Four different agencies including the Louisiana Inspector General and the Federal Homeland Security Inspector General have now joined the probe.
The allegations became public last week when two former state contract workers presented documents to the 9NEWS I-TEAM and gave interviews about their experiences in working with the program.
Rainwater says teams of internal auditors are now visiting four state office buildings where documents related to the program are housed.
"They're going through every computer of anyone who may have had access to the information," Rainwater said.
The offices include one in Erath, one in New Orleans, and two in Baton Rouge.
Wednesday afternoon, Department of Community Development team leader Courage Idusuyi was placed on leave with pay, state officials said.
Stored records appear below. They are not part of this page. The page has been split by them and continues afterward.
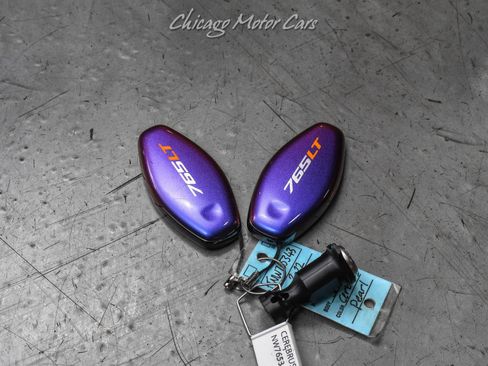 Used 2022 McLaren 765LT RWD image 74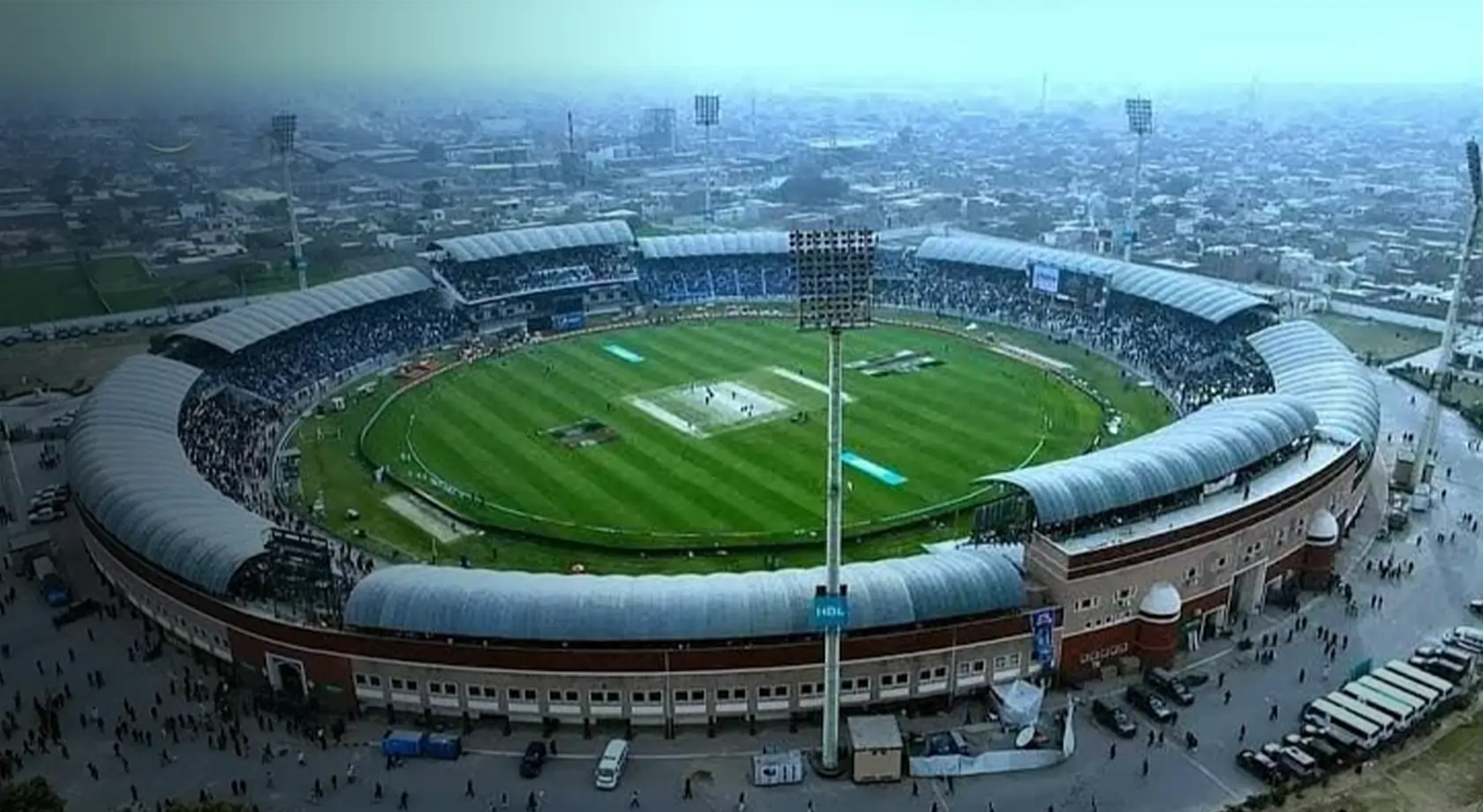 Multan Cricket Stadium Pitch Report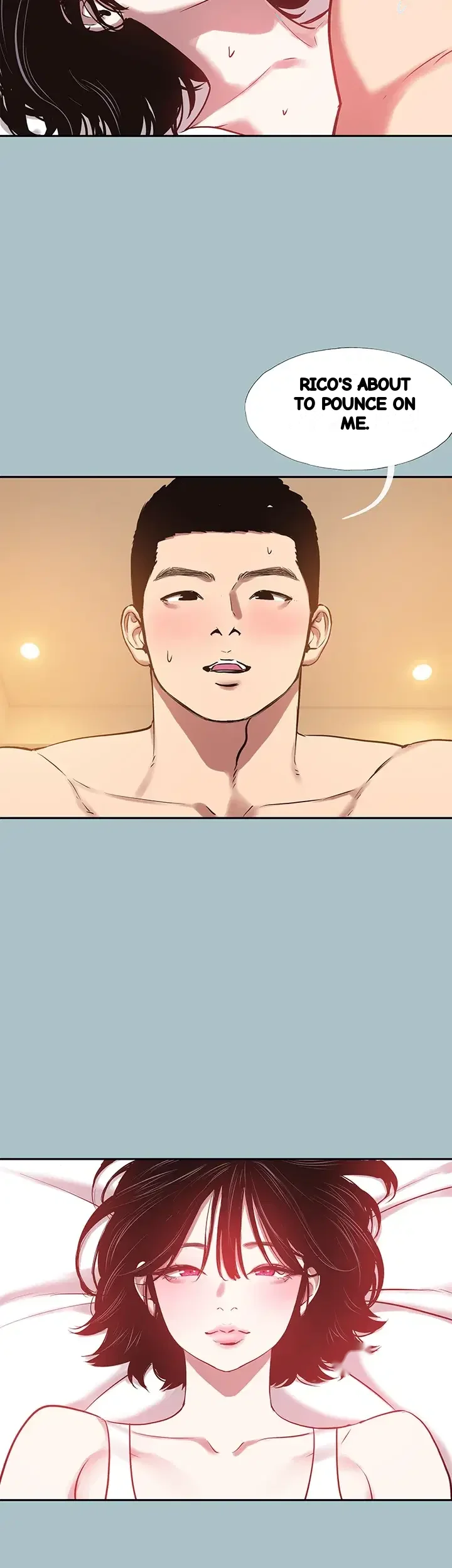 Not Interested Chapter 74 - Page 16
Investigators say Idusuyi is accused of taking cash and jewelry from contractors.
"There were several allegations made against this particular employee and I did my own conversations with the employee and the management staff and I made the decision myself," Rainwater said.
Rainwater said Idusuyi is accused of taking cash and jewelry from contractors in exchange for receiving a list of homeowners who were eligible for federal funding to have their homes elevated above flood-stage.
"Taking money for a list, basically," Rainwater said.
Rainwater says distributing such a list could be a violation of the federal Stafford Act.
"Obviously, I want to believe the employee is innocent but I can't take that chance," he said. "We have to protect the integrity of the program and the state and taxpayers. So, we put him on administrative leave until we clear his name."
A former state employee, Kurt Wiltshire, is accused of helping sell the list, state officials said. Rainwater said Wiltshire's computer was been seized and is being examined.
Neither Wiltshire or Idusuyi could be reached for comment Thursday.
The whistle blowers in this case, Christy Weiser and Thomas Pierson, are in legal hot water themselves. They are accused of stealing the documents (or copies of the documents) from the state. The documents, which the whistle blowers showed to the 9NEWS I-TEAM, appear to show certain contractors agreeing to one price to elevate homes but, in some cases, later increasing the price they submitted for reimbursement. The whistle blowers also showed the I-TEAM a copy of a disc they say contained the homeowner information and was being sold to contractors for up to $10,000 per disc.
The state wants a federal judge to force the whistle blowers to give the documents back. Another hearing on that is set for next Wednesday. Rainwater says it will be up to the judge to decide if the actions of the whistle blowers are right or wrong.
"But, I will tell you this," he said. "What we did do is take the information they provided. Some of it may be true, some of it may not be. But, the piece that is true, that's the piece I'm interested in because what it does is help us clean up our program and identify any issues or problems."